Önceden alınmış randevuda ATO üyelerinin konularını Gıda Kontrol Genel Müdürü Harun Seçkin ve Gıda İşletmeleri ve Kodeks Daire Başkanı Selman Ayaz'a ilettiklerini kaydeden Yılmaz, 1 Ocak 2020 tarihinde yürürlüğe giren "Türk Gıda Kodeksi Gıda Etiketleme ve Tüketicileri Bilgilendirme Yönetmeliği"nin ürün niteliklerini belirten besin öğesi tanımlamalarının detaylandırılmasına ilişkin hüküm içerdiğini hatırlattı. Yılmaz, "Detaylı tanımlamaya ilişkin yönetmelikte hüküm var ancak Tarım İl Müdürlüklerine bağlı laboratuvarlarda bunun yapılıp yapılmadığını denetleyecek yeterlilikte teknik alt yapı mevcut değil" diye konuştu.
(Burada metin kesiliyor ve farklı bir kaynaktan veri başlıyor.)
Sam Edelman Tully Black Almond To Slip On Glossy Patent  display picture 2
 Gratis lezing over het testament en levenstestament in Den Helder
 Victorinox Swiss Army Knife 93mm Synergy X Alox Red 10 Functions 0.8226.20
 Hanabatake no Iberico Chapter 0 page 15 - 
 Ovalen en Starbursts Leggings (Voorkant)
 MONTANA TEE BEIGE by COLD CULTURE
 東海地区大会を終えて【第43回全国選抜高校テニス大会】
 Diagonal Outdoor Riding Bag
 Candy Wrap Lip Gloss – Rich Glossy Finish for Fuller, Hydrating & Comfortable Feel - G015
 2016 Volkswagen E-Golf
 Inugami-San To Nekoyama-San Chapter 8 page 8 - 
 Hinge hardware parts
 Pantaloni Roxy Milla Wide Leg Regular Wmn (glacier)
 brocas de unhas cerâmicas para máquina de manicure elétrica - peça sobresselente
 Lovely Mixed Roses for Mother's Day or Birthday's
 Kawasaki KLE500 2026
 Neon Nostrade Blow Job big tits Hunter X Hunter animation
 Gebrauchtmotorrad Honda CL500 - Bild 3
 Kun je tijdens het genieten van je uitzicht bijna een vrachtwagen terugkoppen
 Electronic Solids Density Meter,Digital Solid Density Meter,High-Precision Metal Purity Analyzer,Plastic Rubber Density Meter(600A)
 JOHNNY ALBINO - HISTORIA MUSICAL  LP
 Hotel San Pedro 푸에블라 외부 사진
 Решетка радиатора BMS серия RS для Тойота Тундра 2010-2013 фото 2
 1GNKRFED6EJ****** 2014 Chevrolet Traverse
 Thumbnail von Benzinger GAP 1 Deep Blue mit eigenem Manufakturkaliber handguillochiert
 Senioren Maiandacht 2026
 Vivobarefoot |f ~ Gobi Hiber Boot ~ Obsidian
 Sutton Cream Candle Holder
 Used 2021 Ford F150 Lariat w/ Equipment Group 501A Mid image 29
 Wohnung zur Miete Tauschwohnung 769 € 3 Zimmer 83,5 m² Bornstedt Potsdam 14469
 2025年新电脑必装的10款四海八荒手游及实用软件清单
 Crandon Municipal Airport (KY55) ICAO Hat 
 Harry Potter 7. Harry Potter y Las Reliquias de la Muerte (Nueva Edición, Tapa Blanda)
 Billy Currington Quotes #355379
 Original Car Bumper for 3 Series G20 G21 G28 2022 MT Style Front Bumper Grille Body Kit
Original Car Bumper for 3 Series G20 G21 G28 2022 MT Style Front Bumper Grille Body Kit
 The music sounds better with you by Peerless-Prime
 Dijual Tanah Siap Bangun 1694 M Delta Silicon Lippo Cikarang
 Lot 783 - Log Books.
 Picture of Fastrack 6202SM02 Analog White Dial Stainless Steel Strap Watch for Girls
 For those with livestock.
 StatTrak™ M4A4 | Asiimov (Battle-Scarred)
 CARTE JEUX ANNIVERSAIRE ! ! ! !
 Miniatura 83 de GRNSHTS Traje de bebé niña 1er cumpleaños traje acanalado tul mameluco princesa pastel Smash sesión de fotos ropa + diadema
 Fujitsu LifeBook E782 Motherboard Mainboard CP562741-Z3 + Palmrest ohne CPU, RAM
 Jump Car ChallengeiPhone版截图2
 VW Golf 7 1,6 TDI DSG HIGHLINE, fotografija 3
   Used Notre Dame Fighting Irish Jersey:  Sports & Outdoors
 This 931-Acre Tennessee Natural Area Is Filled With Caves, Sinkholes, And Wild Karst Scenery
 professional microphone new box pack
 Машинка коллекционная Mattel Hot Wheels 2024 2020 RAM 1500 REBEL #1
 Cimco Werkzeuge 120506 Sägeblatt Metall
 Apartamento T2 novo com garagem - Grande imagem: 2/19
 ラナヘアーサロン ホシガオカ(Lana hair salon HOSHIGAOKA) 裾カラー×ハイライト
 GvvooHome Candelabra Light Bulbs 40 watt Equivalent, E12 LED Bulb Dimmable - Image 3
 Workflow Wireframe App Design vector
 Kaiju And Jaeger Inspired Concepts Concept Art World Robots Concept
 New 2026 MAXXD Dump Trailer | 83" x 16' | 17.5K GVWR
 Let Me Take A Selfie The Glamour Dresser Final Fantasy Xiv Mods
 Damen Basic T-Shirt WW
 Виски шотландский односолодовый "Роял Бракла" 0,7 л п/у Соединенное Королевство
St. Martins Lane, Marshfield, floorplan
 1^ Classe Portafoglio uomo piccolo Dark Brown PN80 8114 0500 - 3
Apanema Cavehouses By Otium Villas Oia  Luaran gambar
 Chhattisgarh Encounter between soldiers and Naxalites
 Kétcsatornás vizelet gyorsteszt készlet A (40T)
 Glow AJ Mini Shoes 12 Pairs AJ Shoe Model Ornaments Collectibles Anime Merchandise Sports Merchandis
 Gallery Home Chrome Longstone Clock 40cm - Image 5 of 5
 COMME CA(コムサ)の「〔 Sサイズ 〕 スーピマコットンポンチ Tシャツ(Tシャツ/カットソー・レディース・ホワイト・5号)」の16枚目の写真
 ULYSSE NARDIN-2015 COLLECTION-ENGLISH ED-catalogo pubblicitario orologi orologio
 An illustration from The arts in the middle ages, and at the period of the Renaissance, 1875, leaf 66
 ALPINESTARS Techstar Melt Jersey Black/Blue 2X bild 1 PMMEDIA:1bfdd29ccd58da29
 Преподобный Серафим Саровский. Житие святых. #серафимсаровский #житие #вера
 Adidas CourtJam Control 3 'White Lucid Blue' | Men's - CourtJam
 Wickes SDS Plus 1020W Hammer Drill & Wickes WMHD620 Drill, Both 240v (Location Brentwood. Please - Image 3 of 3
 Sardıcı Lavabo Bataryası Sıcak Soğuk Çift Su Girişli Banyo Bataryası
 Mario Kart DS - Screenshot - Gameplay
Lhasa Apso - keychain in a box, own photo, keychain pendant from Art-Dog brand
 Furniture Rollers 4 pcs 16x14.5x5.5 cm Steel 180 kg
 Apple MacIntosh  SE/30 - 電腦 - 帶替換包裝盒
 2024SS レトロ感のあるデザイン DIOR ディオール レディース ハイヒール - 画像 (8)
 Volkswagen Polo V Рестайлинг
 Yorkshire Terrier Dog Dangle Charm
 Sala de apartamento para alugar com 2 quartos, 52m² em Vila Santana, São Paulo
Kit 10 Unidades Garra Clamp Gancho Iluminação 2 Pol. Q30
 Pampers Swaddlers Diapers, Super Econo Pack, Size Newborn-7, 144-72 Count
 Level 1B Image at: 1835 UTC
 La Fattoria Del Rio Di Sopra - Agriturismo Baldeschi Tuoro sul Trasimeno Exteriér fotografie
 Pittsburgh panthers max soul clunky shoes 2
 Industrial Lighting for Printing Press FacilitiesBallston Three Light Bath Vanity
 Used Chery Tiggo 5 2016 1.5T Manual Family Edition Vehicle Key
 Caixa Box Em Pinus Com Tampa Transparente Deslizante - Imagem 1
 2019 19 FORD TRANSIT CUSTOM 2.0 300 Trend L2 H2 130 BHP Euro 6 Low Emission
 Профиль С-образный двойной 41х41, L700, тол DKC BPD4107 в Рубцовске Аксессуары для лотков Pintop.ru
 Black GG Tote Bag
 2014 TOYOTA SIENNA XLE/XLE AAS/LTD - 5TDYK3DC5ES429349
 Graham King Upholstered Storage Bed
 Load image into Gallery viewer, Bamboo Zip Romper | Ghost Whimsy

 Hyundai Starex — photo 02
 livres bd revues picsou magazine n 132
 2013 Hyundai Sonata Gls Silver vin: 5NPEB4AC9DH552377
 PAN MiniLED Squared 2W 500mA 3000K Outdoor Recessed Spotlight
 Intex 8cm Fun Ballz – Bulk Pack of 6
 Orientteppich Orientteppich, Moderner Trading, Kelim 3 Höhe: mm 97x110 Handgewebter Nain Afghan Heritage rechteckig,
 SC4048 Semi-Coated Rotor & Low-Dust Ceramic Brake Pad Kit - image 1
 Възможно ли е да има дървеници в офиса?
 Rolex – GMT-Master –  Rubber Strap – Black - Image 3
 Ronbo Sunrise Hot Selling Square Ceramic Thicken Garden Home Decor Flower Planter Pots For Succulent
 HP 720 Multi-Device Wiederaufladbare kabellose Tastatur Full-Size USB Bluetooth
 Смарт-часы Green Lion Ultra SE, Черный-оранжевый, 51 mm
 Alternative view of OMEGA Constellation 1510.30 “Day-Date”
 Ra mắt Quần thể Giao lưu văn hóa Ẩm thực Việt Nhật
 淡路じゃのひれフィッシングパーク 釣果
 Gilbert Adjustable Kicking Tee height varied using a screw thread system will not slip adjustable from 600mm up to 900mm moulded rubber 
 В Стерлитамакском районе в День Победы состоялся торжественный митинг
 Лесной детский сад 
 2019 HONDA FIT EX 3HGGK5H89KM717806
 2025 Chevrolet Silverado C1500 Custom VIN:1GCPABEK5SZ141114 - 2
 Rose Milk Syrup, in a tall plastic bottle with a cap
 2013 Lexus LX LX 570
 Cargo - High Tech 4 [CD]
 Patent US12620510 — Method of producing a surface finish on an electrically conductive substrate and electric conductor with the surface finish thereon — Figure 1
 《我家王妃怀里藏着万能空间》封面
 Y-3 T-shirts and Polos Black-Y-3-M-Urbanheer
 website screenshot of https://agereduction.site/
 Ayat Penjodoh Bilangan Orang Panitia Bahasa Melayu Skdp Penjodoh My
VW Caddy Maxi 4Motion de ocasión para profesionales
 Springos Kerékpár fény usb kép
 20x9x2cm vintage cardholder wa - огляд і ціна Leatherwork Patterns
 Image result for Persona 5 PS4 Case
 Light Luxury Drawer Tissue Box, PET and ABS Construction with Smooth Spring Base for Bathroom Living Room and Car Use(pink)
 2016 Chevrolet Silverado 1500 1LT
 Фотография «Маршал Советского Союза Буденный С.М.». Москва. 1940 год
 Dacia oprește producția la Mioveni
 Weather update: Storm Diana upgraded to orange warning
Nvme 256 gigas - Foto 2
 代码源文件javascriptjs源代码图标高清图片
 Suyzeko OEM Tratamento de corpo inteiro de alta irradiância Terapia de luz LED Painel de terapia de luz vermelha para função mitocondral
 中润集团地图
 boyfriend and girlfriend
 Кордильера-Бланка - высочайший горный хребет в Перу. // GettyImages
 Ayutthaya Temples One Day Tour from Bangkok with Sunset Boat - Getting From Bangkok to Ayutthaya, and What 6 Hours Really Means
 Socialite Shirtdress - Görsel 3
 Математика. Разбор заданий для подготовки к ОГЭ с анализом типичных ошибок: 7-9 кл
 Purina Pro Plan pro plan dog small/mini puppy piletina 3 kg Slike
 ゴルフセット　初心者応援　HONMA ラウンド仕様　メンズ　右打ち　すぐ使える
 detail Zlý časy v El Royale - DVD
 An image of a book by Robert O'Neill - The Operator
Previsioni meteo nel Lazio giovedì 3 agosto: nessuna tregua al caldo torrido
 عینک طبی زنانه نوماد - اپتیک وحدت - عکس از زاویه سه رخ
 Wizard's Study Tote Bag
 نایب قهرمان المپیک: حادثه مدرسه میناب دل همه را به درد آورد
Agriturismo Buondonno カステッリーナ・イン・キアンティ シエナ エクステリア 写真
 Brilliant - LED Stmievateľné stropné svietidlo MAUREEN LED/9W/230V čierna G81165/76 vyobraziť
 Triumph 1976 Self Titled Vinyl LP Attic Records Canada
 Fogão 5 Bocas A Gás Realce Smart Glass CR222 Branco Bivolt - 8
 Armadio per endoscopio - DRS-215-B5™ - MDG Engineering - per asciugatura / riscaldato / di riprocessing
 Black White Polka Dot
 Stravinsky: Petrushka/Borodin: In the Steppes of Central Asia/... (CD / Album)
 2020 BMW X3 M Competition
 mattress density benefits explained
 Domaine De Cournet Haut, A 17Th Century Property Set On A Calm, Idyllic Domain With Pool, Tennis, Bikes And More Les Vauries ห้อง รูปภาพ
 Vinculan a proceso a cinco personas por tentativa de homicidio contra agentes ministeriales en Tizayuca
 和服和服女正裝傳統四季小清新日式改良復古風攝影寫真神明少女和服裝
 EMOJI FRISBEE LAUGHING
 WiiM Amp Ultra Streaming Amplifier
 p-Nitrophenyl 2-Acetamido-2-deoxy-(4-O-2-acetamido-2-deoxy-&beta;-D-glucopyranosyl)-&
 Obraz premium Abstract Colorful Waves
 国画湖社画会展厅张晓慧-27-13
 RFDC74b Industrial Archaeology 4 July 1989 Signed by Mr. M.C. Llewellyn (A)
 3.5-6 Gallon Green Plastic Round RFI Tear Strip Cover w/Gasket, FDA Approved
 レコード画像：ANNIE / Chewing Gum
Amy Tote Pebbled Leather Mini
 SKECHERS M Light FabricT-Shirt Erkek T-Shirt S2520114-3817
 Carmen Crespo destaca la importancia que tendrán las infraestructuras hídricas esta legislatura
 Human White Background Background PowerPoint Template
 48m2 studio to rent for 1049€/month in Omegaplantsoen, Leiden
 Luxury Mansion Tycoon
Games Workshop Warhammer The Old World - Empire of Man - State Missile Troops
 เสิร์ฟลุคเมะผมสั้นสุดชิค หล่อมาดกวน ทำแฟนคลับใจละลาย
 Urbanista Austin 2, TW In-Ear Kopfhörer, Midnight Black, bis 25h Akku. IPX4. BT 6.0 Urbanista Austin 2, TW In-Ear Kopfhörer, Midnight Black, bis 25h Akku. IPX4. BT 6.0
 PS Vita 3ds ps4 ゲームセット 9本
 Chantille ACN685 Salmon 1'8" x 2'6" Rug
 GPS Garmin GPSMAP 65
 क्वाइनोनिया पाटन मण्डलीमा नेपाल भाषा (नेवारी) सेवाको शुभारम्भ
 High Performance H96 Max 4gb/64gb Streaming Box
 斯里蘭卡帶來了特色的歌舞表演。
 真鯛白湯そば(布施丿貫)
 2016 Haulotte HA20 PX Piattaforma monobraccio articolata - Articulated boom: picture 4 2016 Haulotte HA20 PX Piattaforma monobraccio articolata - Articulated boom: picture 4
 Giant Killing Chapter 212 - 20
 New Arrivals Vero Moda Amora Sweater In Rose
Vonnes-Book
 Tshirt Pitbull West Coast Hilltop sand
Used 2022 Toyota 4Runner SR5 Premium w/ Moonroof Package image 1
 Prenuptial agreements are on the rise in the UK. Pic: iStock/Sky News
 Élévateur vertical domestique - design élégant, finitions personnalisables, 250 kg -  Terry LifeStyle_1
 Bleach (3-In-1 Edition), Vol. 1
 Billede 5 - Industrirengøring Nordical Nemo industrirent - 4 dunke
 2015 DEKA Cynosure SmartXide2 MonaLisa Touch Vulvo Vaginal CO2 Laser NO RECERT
-SEKTÖR TEMSİLCİLERİ SEKTÖRÜN GELECEĞİNİN GARANTİSİDİR-

Tüketicileri bilgilendirmek amacıyla çıkan yönetmeliğin örneğin çölyak hastaları için ihtiyaç duyulan bilgilendirme mecburiyetini ortadan kaldırdığını da aktaran Yılmaz, sözlerini şöyle sürdürdü:

"Beş ayrı komitemiz, yönetmelikteki aksaklıklar ve uygulamaya yönelik sorunları rapor haline getirmiş. İstişare kültürüne önem veren, sorunları muhataplarıyla bire bir diyalogla çözme gayretinde olan, temsil ettiği kitlenin önemini bilen ve bunun sorumluluğunun bilincinde olan bir yönetim olarak gayemiz, ekonomimizin sağlıklı işlemesine engel olarak unsurları ortadan kaldırmak. Sektör temsilcileri, sektörün geleceğinin garantisidir. Konunun doğrudan içinde olan kişiler olmaları nedeniyle sorunu da çözümü de en iyi onlar bilir. Tüketicileri ve halk sağlığını doğrudan etkileyen mevzuat düzenlemelerinde sektör temsilcilerinin, meslek örgütlerinin ve STK'ların görüşlerine hazırlık aşamasında başvurulmalı ve bu süreç en ufak işletmeye ulaşıncaya kadar devam ettirilmelidir.  Düzenlemelerin hizmet sağlayıcıları ve bağlı bulundukları meslek kuruluşlarının sektöre dair tecrübe ve bilgi birikimlerinden istifade edilerek olgunlaştırılmasının kaynak ve zaman tasarrufu açısından kritik önem taşımaktadır."